By Qasim A. Moini
November 15, 2013
TODAY, there are various schools of thought each of which claims to represent the ‘real’ Islam or the ‘spirit’ of Islam. There is essentially nothing wrong with groups claiming to be the truest representatives of religion, as each is entitled to its own opinion and interpretation.
However, matters get problematic when adherents of violent philosophies, who resort to mass murder and bloodshed to impose their beliefs on others, start masquerading as the ‘true’ representatives of Islam. And many ordinary Muslims, taken in by their frequent recourse to quoting scripture and other outward displays of faith, start accepting that these individuals and groups actually know Islam better than anyone else.
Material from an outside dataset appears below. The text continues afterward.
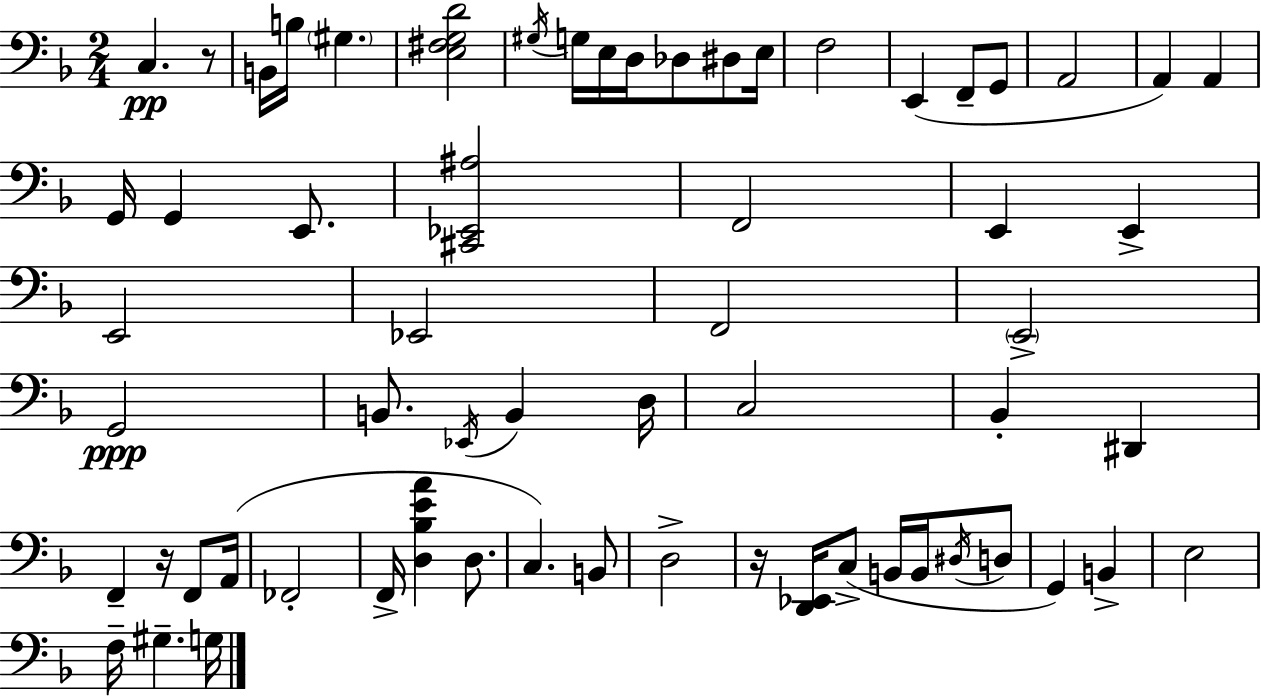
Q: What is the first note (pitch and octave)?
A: C3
This is troublesome as it not only distorts the message of Islam, but also creates acceptance — driven by fear and ignorance — of militant schools of thought, as many ordinary people, as well as some of those who claim to be religious scholars, start condoning or justifying atrocities committed in the name of religion. The militant thus sanctifies his bloodshed under the cloak of religion.
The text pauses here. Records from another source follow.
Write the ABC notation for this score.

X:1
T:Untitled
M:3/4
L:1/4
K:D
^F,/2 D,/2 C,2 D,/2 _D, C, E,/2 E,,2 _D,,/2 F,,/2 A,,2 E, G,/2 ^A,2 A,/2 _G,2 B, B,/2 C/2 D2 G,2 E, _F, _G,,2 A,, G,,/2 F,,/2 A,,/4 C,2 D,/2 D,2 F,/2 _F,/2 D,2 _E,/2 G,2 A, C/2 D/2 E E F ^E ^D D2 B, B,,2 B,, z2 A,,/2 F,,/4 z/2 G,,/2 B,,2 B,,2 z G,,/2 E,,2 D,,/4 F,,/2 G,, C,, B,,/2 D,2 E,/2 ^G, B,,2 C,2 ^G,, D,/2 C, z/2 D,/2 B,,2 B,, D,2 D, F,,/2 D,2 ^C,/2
However, in this writer’s view there is a very simple way to avoid falling prey to such confusion. Those claiming to represent Islam must be judged by some criteria; without this, we open the door to allowing individuals to mislead the public and abuse religion. And perhaps the single most emphatic criterion — cutting across sectarian and doctrinal boundaries — to judge who is abiding by Islamic values and who is not is Karbala and the heroic struggle of Imam Husain bin Ali.
Centuries after Imam Husain took the field against the Syrian forces, Karbala is a byword for strength of character, bravery and steadfastness. And if these virtues are absent, one can easily differentiate between those who are inspired by faith, and those seeking purely worldly aims in the name of religion.
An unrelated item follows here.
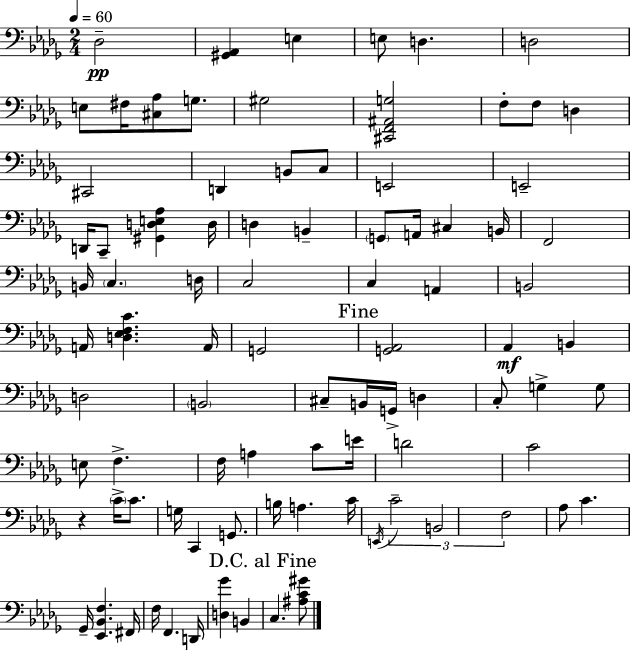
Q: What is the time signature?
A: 2/4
While many of us are familiar with the epic of Karbala — the sufferings of Imam Husain, his family and companions, the barbarity of the Syrian horde and the valour of Husain on the battlefield — we must ponder over what led him to leave his hometown of Madina and make his way with his family and small band of supporters to the desert of Karbala.
Some have argued that Imam Husain was motivated by political considerations to take the caliphate from Yazid. However, this appears to be a very superficial analysis. For if Husain’s aim was conquest, he would not have taken the field with a force of under a hundred, which included women, children and the elderly. Instead, he would have gathered a large army to confront the Syrians.
Imam Husain’s decision to confront the Yazidi force was motivated by much loftier aims. In Husain’s own words, as quoted by acclaimed scholar Ayatollah Murtaza Mutahhari, he sought to “enjoin what is good and forbid what is evil and follow the traditions of my grandfather and my father”. This was Karbala’s mission statement.
Imam Husain further clarified his intentions in a sermon at Mina, en route to Karbala: “O God! You know that everything we did was not prompted by rivalry for political power, nor for a search for wealth and abundance; rather it was done to demonstrate to men the shining principles and values of Your religion, to reform the affairs of Your land, to protect and secure the indisputable rights of Your oppressed servants, and to act in accordance with the duties You have established and the norms, laws, and ordinances You have decreed.”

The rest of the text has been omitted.